Apocalipsis es universalmente aceptado como canónico. Fue uno de los últimos libros en ser universalmente reconocido en el Oriente debido a su naturaleza apocalíptica y su imaginería milenaria, pero su canonicidad nunca fue seriamente disputada después del siglo IV.
Apocalipsis
Capítulo 9
El quinto ángel tocó la trompeta, y vi una estrella que cayó del cielo a la tierra; y se le dio la llave del pozo del abismo.
Y abrió el pozo del abismo, y subió humo del pozo como humo de un gran horno; y se oscureció el sol y el aire por el humo del pozo.
Y del humo salieron langostas sobre la tierra; y se les dio poder, como tienen poder los escorpiones de la tierra.
Y se les mandó que no dañasen a la hierba de la tierra, ni a cosa verde alguna, ni a ningún árbol, sino solamente a los hombres que no tuviesen el sello de Dios en sus frentes.
Y les fue dado, no que los matasen, sino que los atormentasen por cinco meses; y su tormento era como tormento de escorpión cuando hiere al hombre.
En aquellos días los hombres buscarán la muerte, pero no la hallarán; y ansiarán morir, pero la muerte huirá de ellos.
El aspecto de las langostas era semejante a caballos preparados para la guerra; en sus cabezas tenían como coronas semejantes al oro; sus caras eran como caras humanas;
tenían cabello como de mujer, y sus dientes eran como de leones;
tenían corazas como de hierro; y el ruido de sus alas era como el estruendo de muchos carros de caballos corriendo a la batalla.
Tenían cola semejante a la de los escorpiones, y tenían aguijón en sus colas; y su poder era para dañar a los hombres por cinco meses.
Y tienen por rey sobre ellos al ángel del abismo, cuyo nombre en hebreo es Abadón, y en griego, Apolión.
El primer ay pasó; he aquí, vienen aún dos ayes después de esto.
El sexto ángel tocó la trompeta, y oí una voz de entre los cuatro cuernos del altar de oro que estaba delante de Dios,
que decía al sexto ángel que tenía la trompeta: Desata a los cuatro ángeles que están atados junto al gran río Eufrates.
Y fueron desatados los cuatro ángeles que estaban preparados para la hora, día, mes y año, a fin de matar a la tercera parte de los hombres.

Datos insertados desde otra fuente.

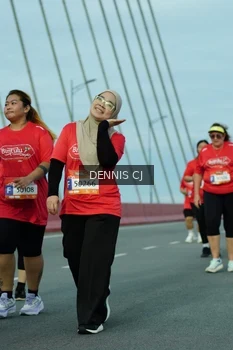 Runner Photo 1448079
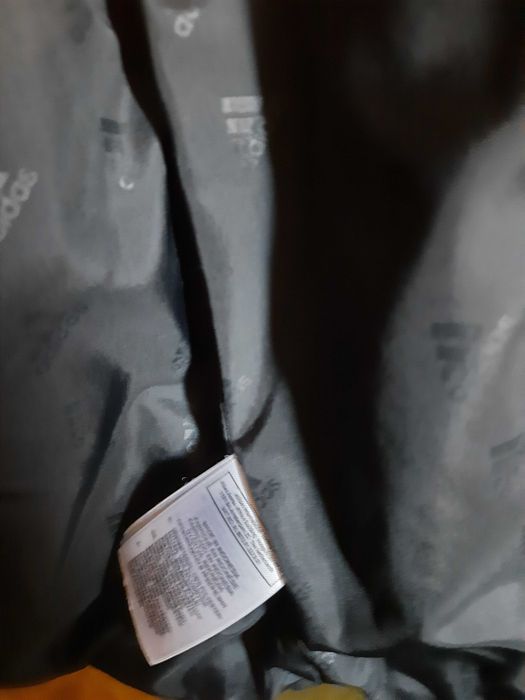 продам куртку жіночу ADIDAS, розмір 48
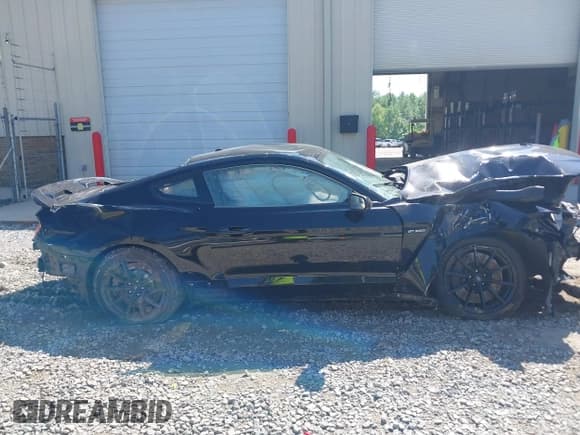 ✅ 2017 Ford Mustang Shelby GT350 • VIN: 1FA6P8JZ1H5524070 • Лот: 42131160. Опубликован ранее на IAAI с пробегом Не указан. Бесплатный доступ к архиву аукционных продаж из США и подробный отчёт об истории автомобиля на DreamBid. Изображение 14.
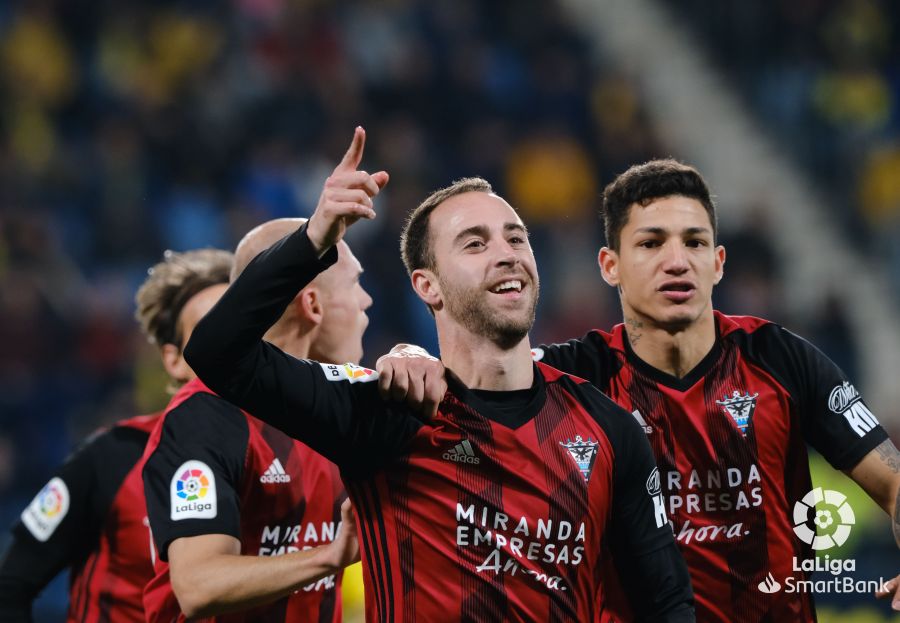 El Mirandés empató a tres en su visita al Cádiz en un final trepidante, con dos goles en el tiempo añadido del equipo burgalés. 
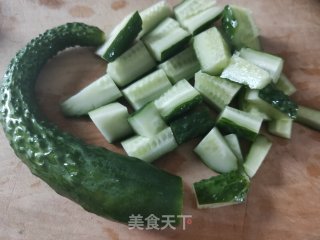 辣油拌黄瓜的做法步骤：1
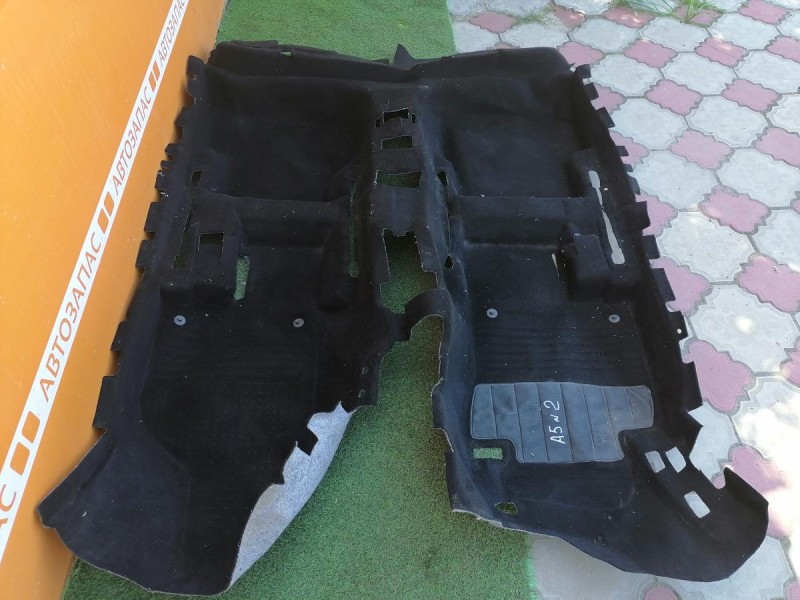 Octavia №2 пол салона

El número de los ejércitos de los jinetes era doscientos millones. Yo oí su número.
Así vi en visión los caballos y a sus jinetes, los cuales tenían corazas de fuego, de jacinto y de azufre; y las cabezas de los caballos eran como cabezas de leones; y de su boca salía fuego, humo y azufre.
Por estas tres plagas fue muerta la tercera parte de los hombres; por el fuego, el humo y el azufre que salían de su boca.
Porque el poder de los caballos está en su boca y en sus colas; pues sus colas, semejantes a serpientes, tenían cabezas, y con ellas dañaban.
Y los otros hombres que no fueron muertos con estas plagas, ni aun así se arrepintieron de las obras de sus manos, sino que continuaron adorando a los demonios, y a las imágenes de oro, plata, bronce, piedra y madera, las cuales no pueden ver, ni oír, ni andar.
Y no se arrepintieron de sus homicidios, ni de sus hechicerías, ni de su fornicación, ni de sus hurtos.